How can people and organizations defend themselves against cyberattacks and misinformation campaigns?
We’ve got a gradient of defense need and potential, from everyday average citizens all the way through multinational corporations and extremely large government agencies and everything in between. For everyday average citizens, just being aware of security patches and running security updates really does help. There’s also a need for skeptical inquiry and critical thinking at the average citizen level. Remembering that our neighbors are just human beings like us with the same kind of goals and that we don’t have to hate them because they’re part of some other group, that’s really useful. It seems pretty basic, but it really is an important thing that will contribute to the viability of our system of government.

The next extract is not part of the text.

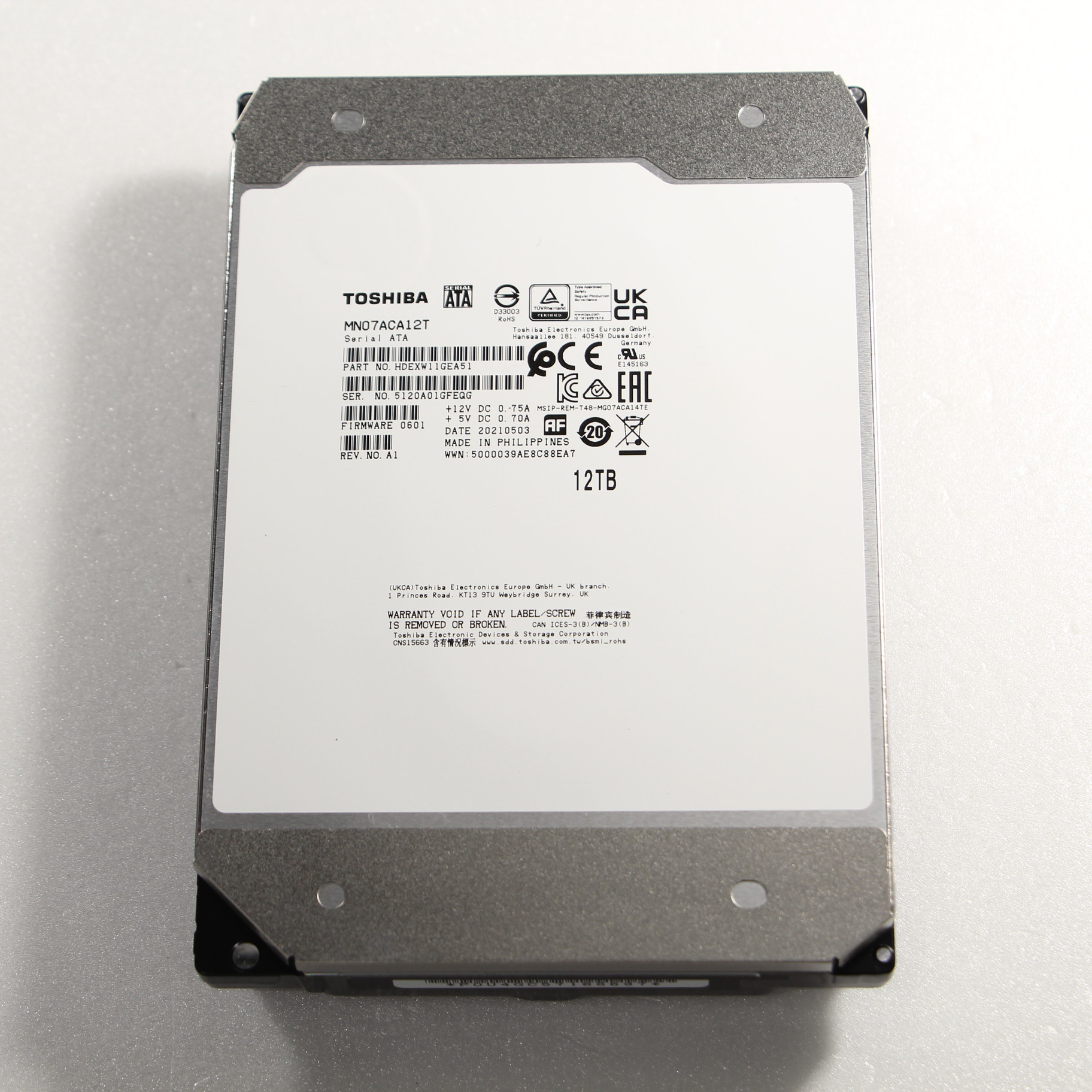 予約販売品 MG07ACA12TE JP 3.5インチ内蔵HDD 12TB 7200rpm MGシリーズ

With multinational corporations and governments, too, I think they should encourage third-party testing, which brings in a competent third party to find and report vulnerabilities in a way that maybe evaded the [system developers]. And further, we’ve seen the emergence over the last few years of a practice called purple teaming, which involves an iterative mini war game within an organization between those ethical hacker “red teamers” and the organization’s defenders, which we call the blue team. Together they work collaboratively—blending red and blue to make purple—in a way that’s transparent to the defending organization so that they can see what it would look like if there was an advanced, competent adversary operating in their network. Those types of tests reveal the vulnerabilities of people, processes and technologies that are really difficult to find in any other way.
There’s a whole field of study in what we call “normal accident theory” and organizational resilience. And the idea of a normal accident is really applicable to a cyberattack. Whether you’re an individual, a company or a government, if you expect to be breached—just like highway planners expect there to be car accidents—we can build in controls that allow for us to contain the spread and the devastation that’s going to come from the cyberattack.